A British couple (John and Karen) are living in a hole in the middle of a forest in France. She barely dares leave the hole, while he forages for food and water and looks after her carefully. When she's bitten by a poisonous spider, they have to seek help from the outside world, which tips the balance of their precarious existence. (Given that this was supposed to be a very poisonous spider and they did no first aid and took ages to find help, I wondered whether she actually would have survived this).
This isn't as I had originally expected before I read the reviews, a post-apocalyptic story, but something more metaphorical. It gradually becomes clear that the couple are trying to come to terms with grief, and the hole (although literally consistent with the storyline) is also to be seen metaphorically, as the safe place where Karen can't stand to leave to try to face the world again. She sits and makes quilts from found materials and wraps up tiny offerings in leaves and waits for John to return with food. The fact that outside the hole is French-speaking and neither of them speak the language at all well also ties in with the sense of alienation and isolation they feel in their grief.
The big wide world that Karen is so scared of is stunningly beautiful, a wooded area of the Mid-Pyrenees.
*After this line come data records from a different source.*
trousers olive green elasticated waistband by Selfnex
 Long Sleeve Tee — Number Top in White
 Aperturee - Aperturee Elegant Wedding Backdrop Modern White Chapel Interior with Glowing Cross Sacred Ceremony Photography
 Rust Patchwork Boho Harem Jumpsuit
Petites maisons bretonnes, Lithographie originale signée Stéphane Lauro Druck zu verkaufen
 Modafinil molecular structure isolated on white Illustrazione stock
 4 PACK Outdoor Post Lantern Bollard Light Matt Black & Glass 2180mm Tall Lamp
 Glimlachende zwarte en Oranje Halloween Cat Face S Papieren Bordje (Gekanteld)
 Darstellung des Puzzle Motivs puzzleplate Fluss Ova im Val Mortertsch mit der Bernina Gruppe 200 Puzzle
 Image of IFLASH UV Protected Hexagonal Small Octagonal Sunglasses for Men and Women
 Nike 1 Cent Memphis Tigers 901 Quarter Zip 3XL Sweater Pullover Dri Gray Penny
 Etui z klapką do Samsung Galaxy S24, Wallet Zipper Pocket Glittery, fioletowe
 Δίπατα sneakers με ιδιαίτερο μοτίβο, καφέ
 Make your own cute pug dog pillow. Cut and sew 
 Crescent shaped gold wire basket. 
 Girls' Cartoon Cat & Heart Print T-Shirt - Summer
This got me thinking about her hiding in the hole being also a metaphor for the modern day reluctance of many of us to genuinely engage with the natural world. I actually began to wonder about the film-makers ability to engage with nature, as, though the cinematography is gorgeous and we get wonderful detailed views of red kites and wood ants, there are constant references to the 'coming winter' when it's clear from almost every outdoor shot, given the amount of birdsong and very green leaves, that it was actually shot in late spring, early summer. Admittedly, winter probably arrives early in a mountainous area like this, but perhaps this is metaphor too, given that in a sense winter is always just round the corner, but I kept thinking to myself 'but chiffchaffs wouldn't be singing like that if it were almost winter'. The perils of bird-watching during films!
The ending is cathartic, but (not wanting to give spoilers) felt wrong somehow, I felt it would have been better if it had been more like the in some ways very similar ending of Chicken, an otherwise entirely different film, one of my highlights from last year's Edinburgh International Film festival which I reviewed here. But thinking about it it's an ambiguous ending, it wasn't entirely clear what the characters fates were at the end so maybe its more of a right ending than it felt to me at the time.
Overall, it's a very beautiful and engrossing film about coping mechanisms and relationships and how precarious life can be. Definitely a film worth watching.
Couple in a Hole is showing at Edinburgh Filmhouse today at 15.35.